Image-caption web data

Segment Open

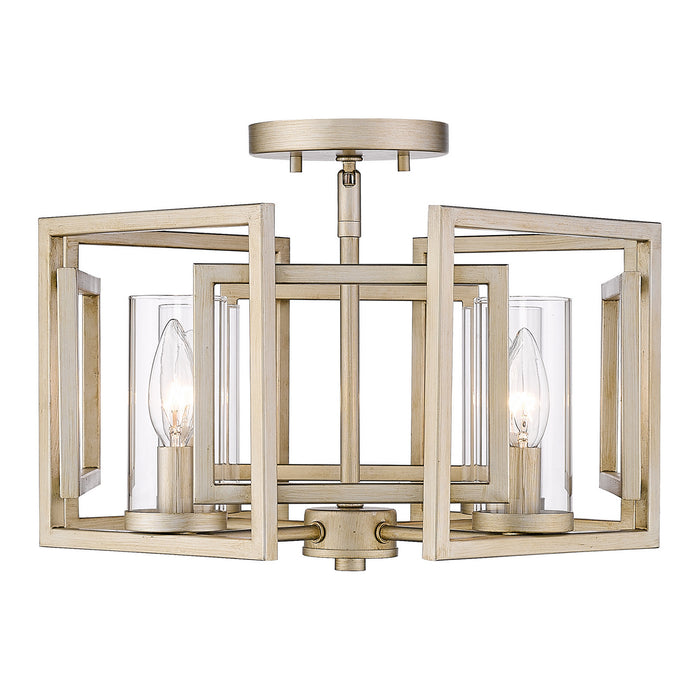 Golden 6068-FM WG Four Light Flush Mount, White Gold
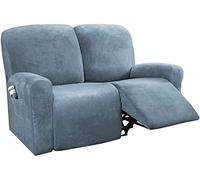 LINGKY 6-Pieces Recliner Sofa Covers Velvet Stretch Armchair Covers With Side Pocket Thick Soft Washable Sofa Covers 2 Seater Replacement Furniture Protector (Loveseat, Stone Blue)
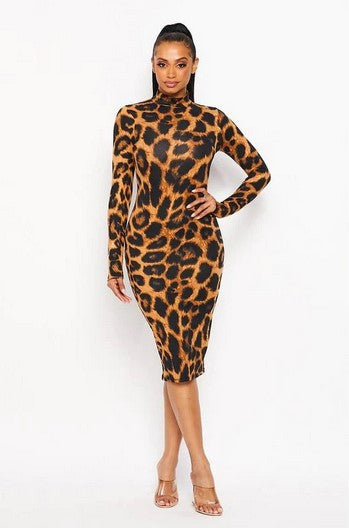 Leopard Print Midi Dress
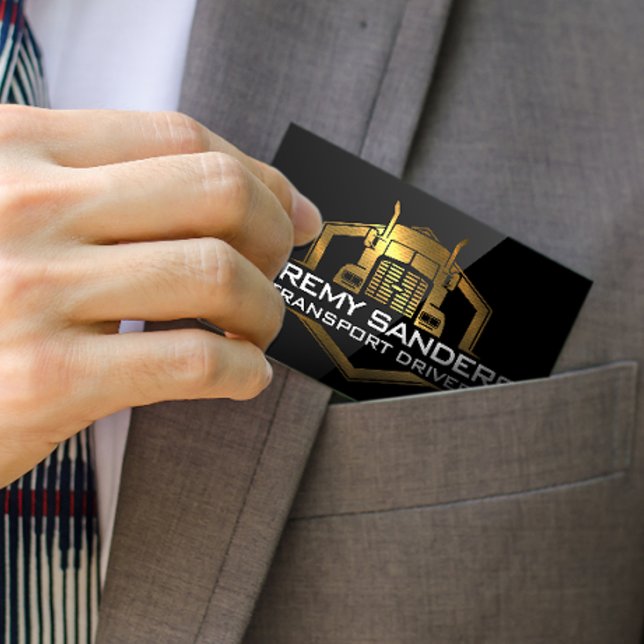 Gold Metallic Truck Logo | Black Gloss Business Card (Creator Uploaded)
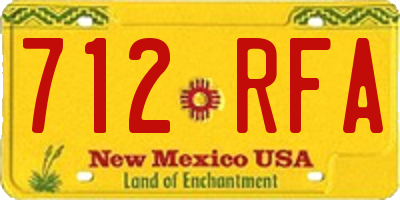 NM license plate 712RFA
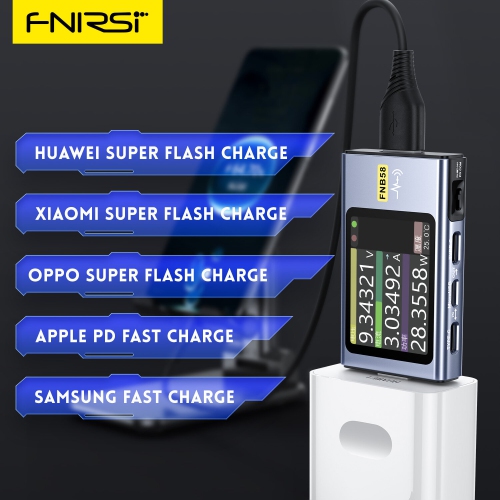 FNIRSI-FNB58 USB QC/PD Voltage and Current Meter Tester Type-C Multi-functional Fast Charging Tester HD Screen Display Human-Computer Interaction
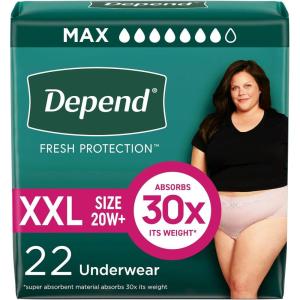 Depend Fresh Protection Adult Diapers, Incontinence & Postpartum Bladder Leak Underwear for Women, Disposable, Maximum, Extra-Extra-Large, Blush, 44 Count (2 Packs of 22), Packaging May Vary(2X-Large)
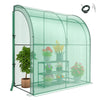 Lucktree Walk-in Lean-to Greenhouse - with 3-Tier Plant Stand, 7’x 3.5’x 7’ Green House, PE Grid Cover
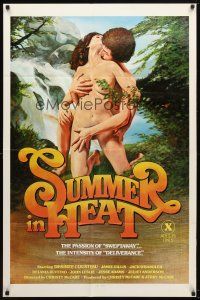 8p790 SUMMER IN HEAT 1sh '79 super sexy artwork image of naked man and woman in throes of ecstasy!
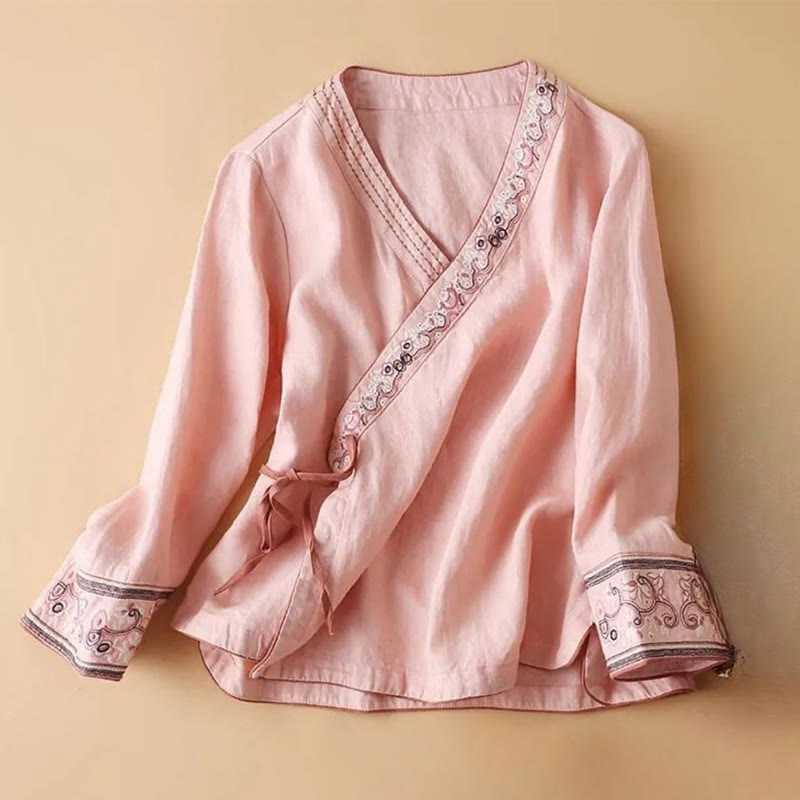 Chemise décontractée en coton à manches longues et col incliné avec broderies de Buddha Stones et fleurs pour femme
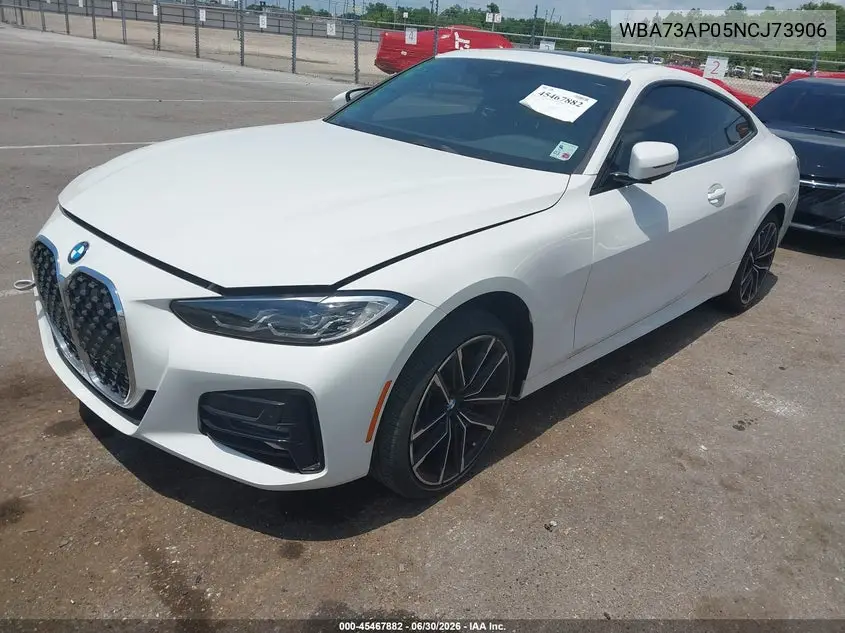 2022 BMW 430I xDrive VIN: WBA73AP05NCJ73906 Lot: 45467882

Segment Closed

**Problem to work on**: Take the line containing "Gold Metallic Truck" and every line after it up to the end of the entries, and quote them exactly. Both ends count; the pictures do not.

**Exercise output**:
 Gold Metallic Truck Logo | Black Gloss Business Card (Creator Uploaded)
 NM license plate 712RFA
 FNIRSI-FNB58 USB QC/PD Voltage and Current Meter Tester Type-C Multi-functional Fast Charging Tester HD Screen Display Human-Computer Interaction
 Depend Fresh Protection Adult Diapers, Incontinence & Postpartum Bladder Leak Underwear for Women, Disposable, Maximum, Extra-Extra-Large, Blush, 44 Count (2 Packs of 22), Packaging May Vary(2X-Large)
 Lucktree Walk-in Lean-to Greenhouse - with 3-Tier Plant Stand, 7’x 3.5’x 7’ Green House, PE Grid Cover
 8p790 SUMMER IN HEAT 1sh '79 super sexy artwork image of naked man and woman in throes of ecstasy!
 Chemise décontractée en coton à manches longues et col incliné avec broderies de Buddha Stones et fleurs pour femme
 2022 BMW 430I xDrive VIN: WBA73AP05NCJ73906 Lot: 45467882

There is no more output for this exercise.